This fixes the lost wakeup (from a bug in signal stealing) with a change
in the usage of g_signals[] in the condition variable internal state.
It also completely eliminates the concept and handling of signal stealing,
as well as the need for signalers to block to wait for waiters to wake
up every time there is a G1/G2 switch. This greatly reduces the average
and maximum latency for pthread_cond_signal.
The g_signals[] field now contains a signal count that is relative to
the current g1_start value. Since it is a 32-bit field, and the LSB is
still reserved (though not currently used anymore), it has a 31-bit value
that corresponds to the low 31 bits of the sequence number in g1_start.
(since g1_start also has an LSB flag, this means bits 31:1 in g_signals
correspond to bits 31:1 in g1_start, plus the current signal count)

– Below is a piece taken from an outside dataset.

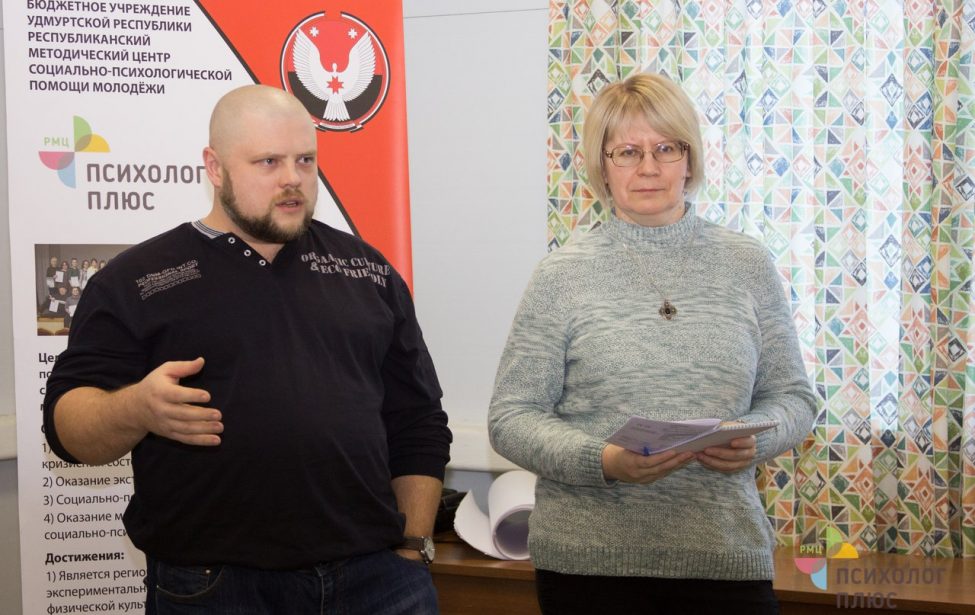 Мастер-класс по психологии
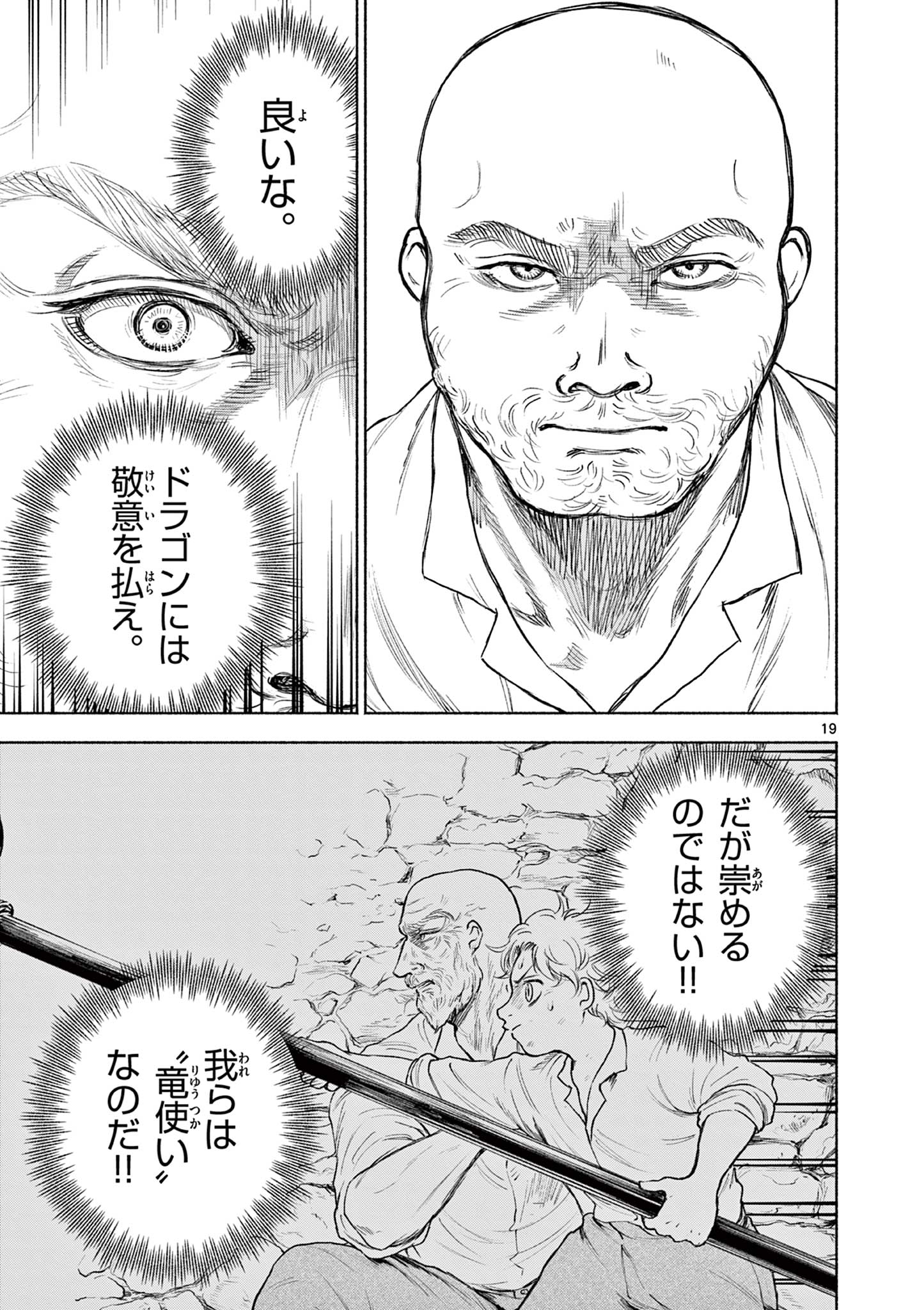 Dragon Bugyou Chapter 6 20ページ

By making the signal count relative to g1_start, there is no longer
any ambiguity or A/B/A issue, and thus any checks before blocking,
including the futex call itself, are guaranteed not to block if the G1/G2
switch occurs, even if the signal count remains the same. This allows
initially safely blocking in G2 until the switch to G1 occurs, and
then transitioning from G1 to a new G1 or G2, and always being able to
distinguish the state change. This removes the race condition and A/B/A
problems that otherwise ocurred if a late (pre-empted) waiter were to
resume just as the futex call attempted to block on g_signal since
otherwise there was no last opportunity to re-check things like whether
the current G1 group was already closed.
By fixing these issues, the signal stealing code can be eliminated,
since there is no concept of signal stealing anymore. The code to block
for all waiters to exit g_refs can also be removed, since any waiters
that are still in the g_refs region can be guaranteed to safely wake
up and exit. If there are still any left at this time, they are all
sent one final futex wakeup to ensure that they are not blocked any
longer, but there is no need for the signaller to block and wait for
them to wake up and exit the g_refs region.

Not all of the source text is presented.